Jean-Louis Cohen was born on July 20, 1949, in Paris. He studied architecture first at the École Spéciale d’Architecture, then at the Unité Pédagogique n° 6, and finally at the Architecte DPLG, all in Paris. He earned his postgraduate architectural degree in 1979 and in 1985 was awarded a Ph.D. in art history from the École des Hautes Études en Sciences Sociales. Initially interested in German modernism and then in the architecture of the Soviet avant-garde, he soon expanded his horizons to take in the planning and architecture of cities including Algiers, Casablanca, New York, and Paris. Having launched his career as director of the architectural research program at the French Ministry of Housing, he taught as a researcher at the School of Architecture Paris-Villemin, and then as a chair in urban planning history at the Institut Français d’Urbanisme, University of Paris.
On being named the Solow Chair at NYU, Cohen moved to New York, but he continued to lecture and teach at institutions including Princeton University, the University of Sydney, and TU Delft, in the Netherlands. As well, he remained engaged in numerous projects around the world. In 1998, he was chosen to steer the development of the Cité de l’architecture et du patrimoine in Paris. The museum opened in 2007, with Cohen having directed the effort through 2003. Among the many exhibitions he curated or cocurated over the course of his career are “Paris-Moscou” (1979) and a hundredth-anniversary show of the work of Corbu (1987), both at the Centre Pompidou, Paris; “The Lost Vanguard” and “Le Corbusier: An Atlas of Modern Landscapes” at the Museum of Modern Art, New York (2007 and 2013, respectively); “Architecture in Uniform: Designing and Building for the Second World War” and “Building a New New World: Amerikanizm in Russian Architecture” at the Canadian Centre for Architecture (2011 and 2019, respectively); and an exhibition on the work of Italian architectural writer Bruno Zevi at the Museo nazionale delle arti del XXI secolo in Rome (2018). In 2014, he curated the French Pavilion at the Venice Biennale, focusing on the triumphs and disasters of modernism.

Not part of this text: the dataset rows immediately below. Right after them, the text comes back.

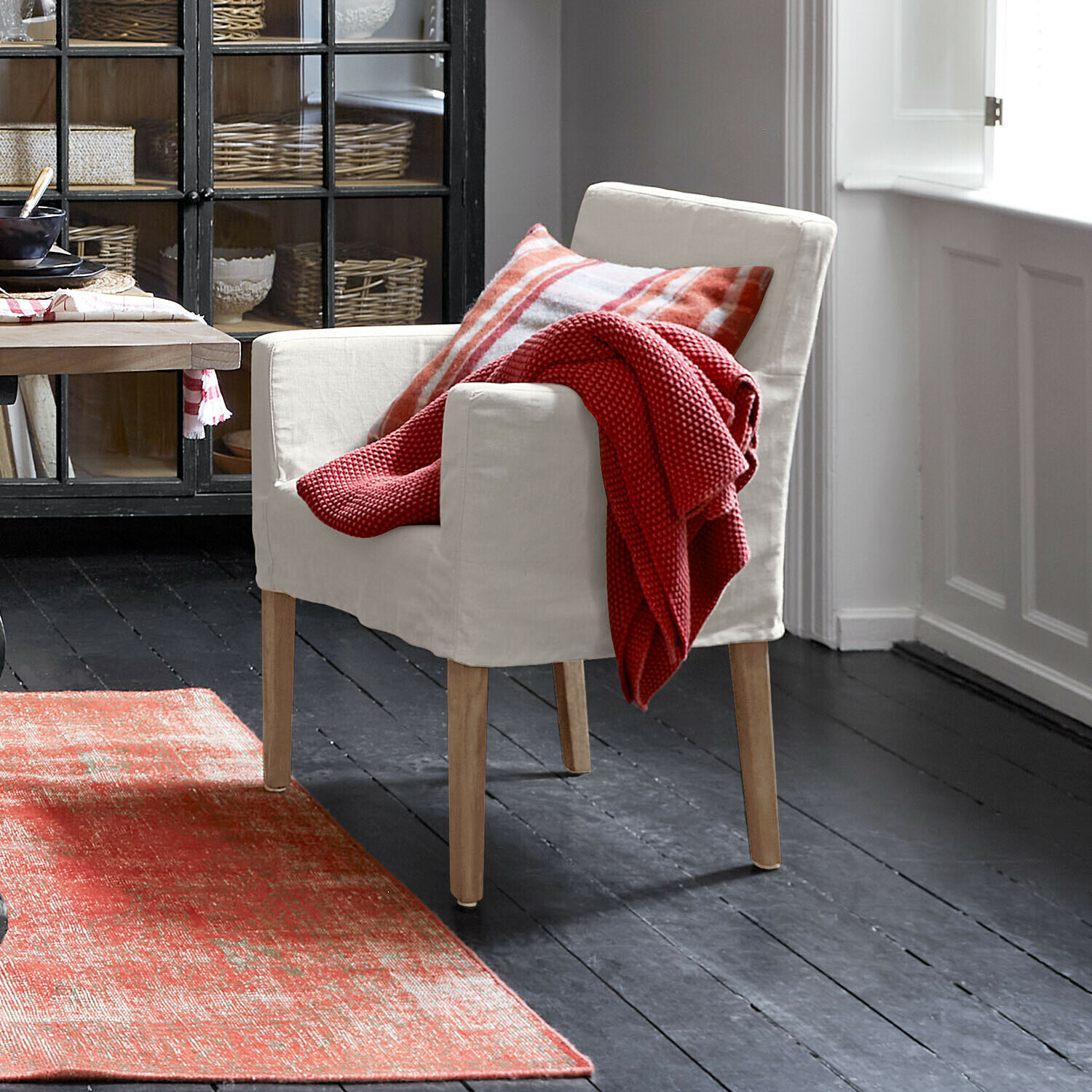 Chaise Longhill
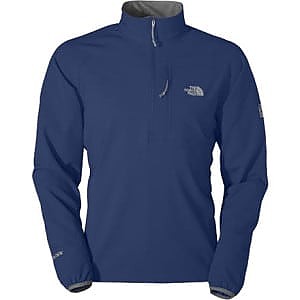 photo: The North Face Men's Apex Zip Shirt soft shell jacket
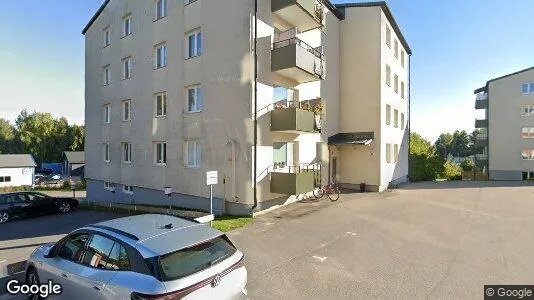 Bostadsrätter till salu i Gävle - Bild från Google Street View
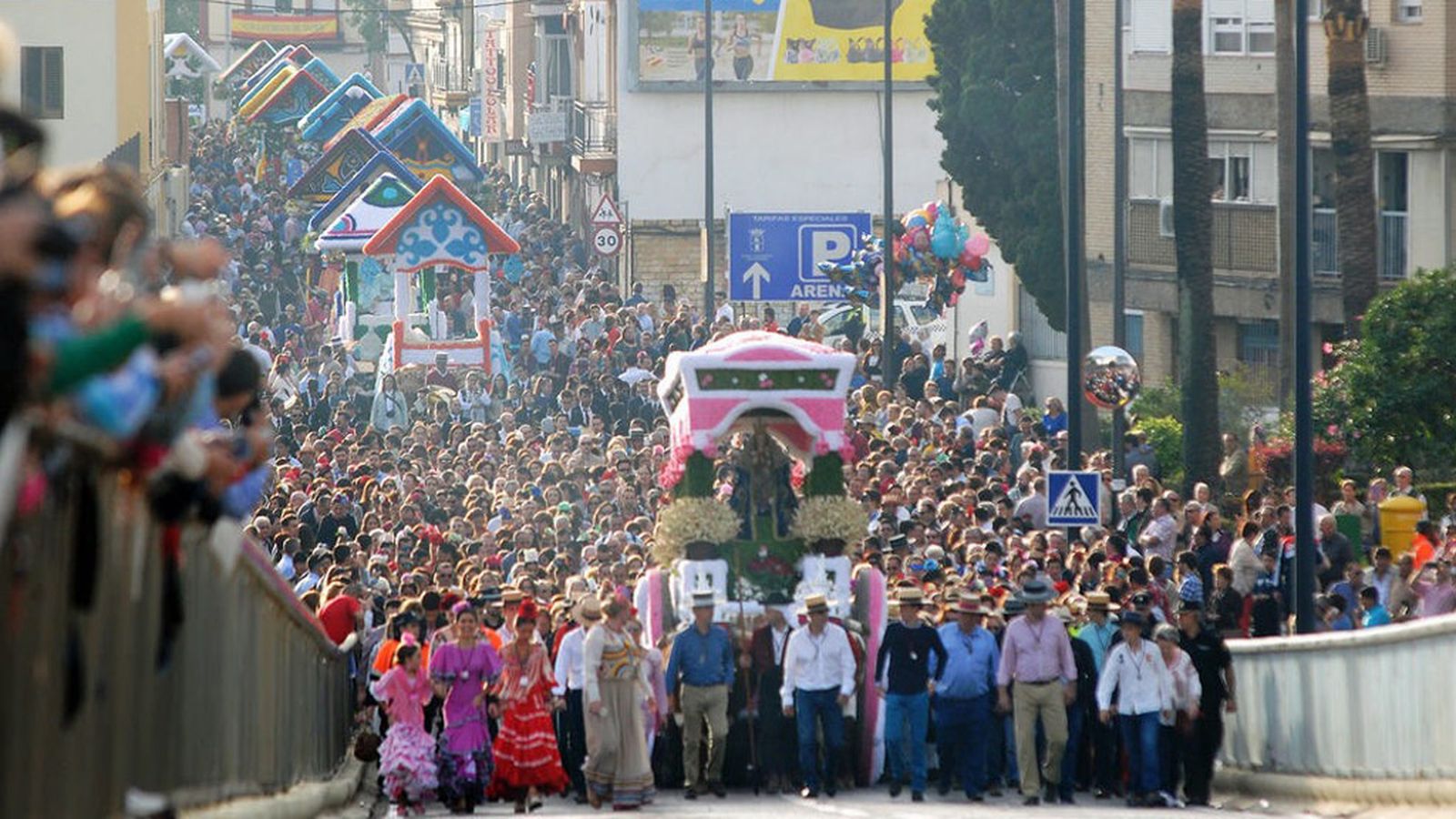 Romería de Valme 1024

In addition to the volumes on Corbu, Mies, and recent Russian architecture mentioned above, as well as numerous others, he authored 1995’s Scenes of the World to Come: European Architecture and the American Challenge, 1893–1960 and, in recent years, two volumes of what was to be an eight-volume catalogue raisonné of the drawings of Frank Gehry; with his former wife Monique Eleb, who died this past May, he coauthored books on topics including French and African architecture.
Cohen was made a Chevalier of the Ordre des Arts et des Lettres in 2001. Though his place in the architectural-historical pantheon has long been cemented, his outlook remained labile. “I still think that buildings have a meaning,” he told Israeli newspaper Haaretz in 2019. “I still think you have to keep in touch with buildings and sites and be able to give to the greater audience the ability to realize that buildings are not three-dimensional images, but are complex objects that have a scale, which capture light in a particular way, which smell like something, which change during the day and during the seasons, which can be appropriated in many ways.”